Report Finds School Segregation on the Rise

     (CN) — More than six decades after Brown v. Board of Education, a nonpartisan watchdog agency found that K-12 public schools are increasingly segregated by race and class.
     The U.S. General Accountability Office (GAO) report found that public schools have become increasingly isolated for black and Hispanic students, and many of these segregated schools fail to provide these students with the same academic opportunities. At the same time, disciplinary actions are much higher at these schools.
     “Our work shows that disparities in education persist and are particularly acute among schools with the highest concentrations of minority and poor students,” analysts concluded. “Further, black and Hispanic students are increasingly attending high-poverty schools where they face multiple disparities, including less access to academic offerings.”
     U.S. Reps. Robert Scott, D-Va., John Conyers, D-Mich., and former Rep. George Miller, D-Calif., requested the report back in 2014 on the 60th anniversary of the landmark school desegregation case.
     The report released Tuesday, on the ruling’s 62nd anniversary, analyzed U.S. Department of Education and Department of Justice data from 2000 through 2014.
     It found that the number of schools that had high percentages of poor and black and Hispanic students increased from 9 to 16 percent.
     In addition, public schools that were high poverty and comprised of mostly black or Hispanic students — a criterion defined in the report as “H/PBH” — represented 16 percent of all K-12 public schools and 61 percent of all high-poverty schools.
     The number of schools with the worst rates of racial isolation has grown by 143 percent since 2001, the GAO found. Hispanic students tend to be “triply segregated” by race, income and language, according to the report. They are also the largest minority group in K-12 public schools.
     The report also found that “schools that were highly isolated by poverty and race generally had fewer resources and disproportionately more disciplinary actions than other schools.”
     At the same time segregation increased, so did the number of charter and magnet schools. The share of charter schools serving this population increased from 3 to 13 percent over the past 14 years. The share of H/PBH magnet schools also increased from 3 to 5 percent. The number of traditional schools over the same period of time decreased from 94 percent to 81 percent.
     The GAO recommended that the Department of Education more routinely analyze its data by “school groupings and types of schools across key elements to further explore and understand issues and patterns of disparities.” It further recommended that the Department of Justice monitor and enforce open federal school desegregation cases where Justice is a party to the litigation.
     According to Justice Department officials interviewed for the GAO report, as of November 2015 there were 178 of these cases.

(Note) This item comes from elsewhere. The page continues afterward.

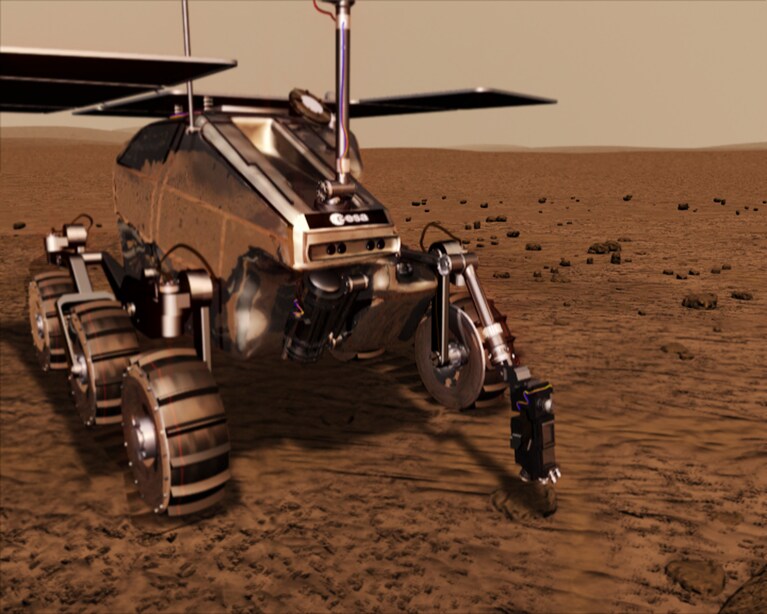 Il rover europeo del programma ExoMars in un rendering ESA.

     “Justice officials told us they routinely work with districts (and other parties to the desegregation case) to close out those cases where the school district has met its statutory and Constitutional duty to desegregate,” the report states. (Parentheses in original.)
     Conyers, the top ranking Democrat on the Judiciary Committee, said the report confirms what has been feared for a long time.

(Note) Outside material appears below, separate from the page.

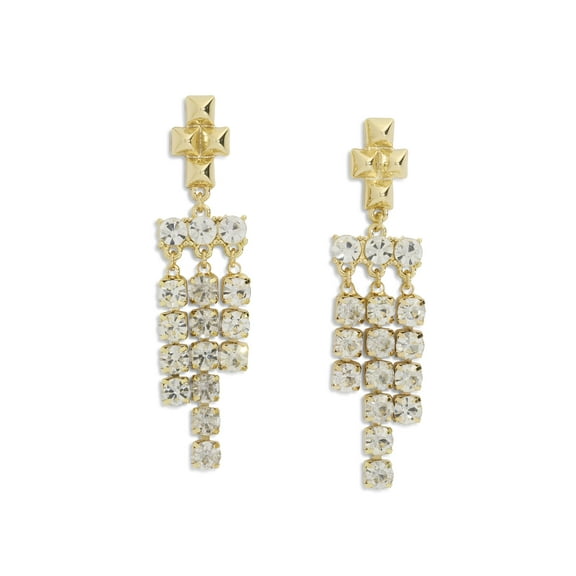Madden NYC Women's Gold Tone Western Stone Chandelier Earrings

     “There simply can be no excuse for allowing educational apartheid in the 21st century,” Conyers said in a press release. “Congress and the federal government, as well as state and local agencies, must ensure all children receive access to equal education at all publicly funded schools.”
     In the same press release, Scott added that the report confirms “our nation’s schools are, in fact, largely segregated by race and class.”
     “What’s more troubling, is that segregation in public K12 schools isn’t getting better; it’s getting worse, and getting worse quickly, with more than 20 million students of color now attending racially and socioeconomically isolated public schools,” Scott said. “This report is a national call to action, and I intend to ensure Congress is part of the solution.”
     Conyers and Scott introduced the Equity and Inclusion Enforcement Act in response to the report. It would allow individual civil action in education cases involving disparate impact.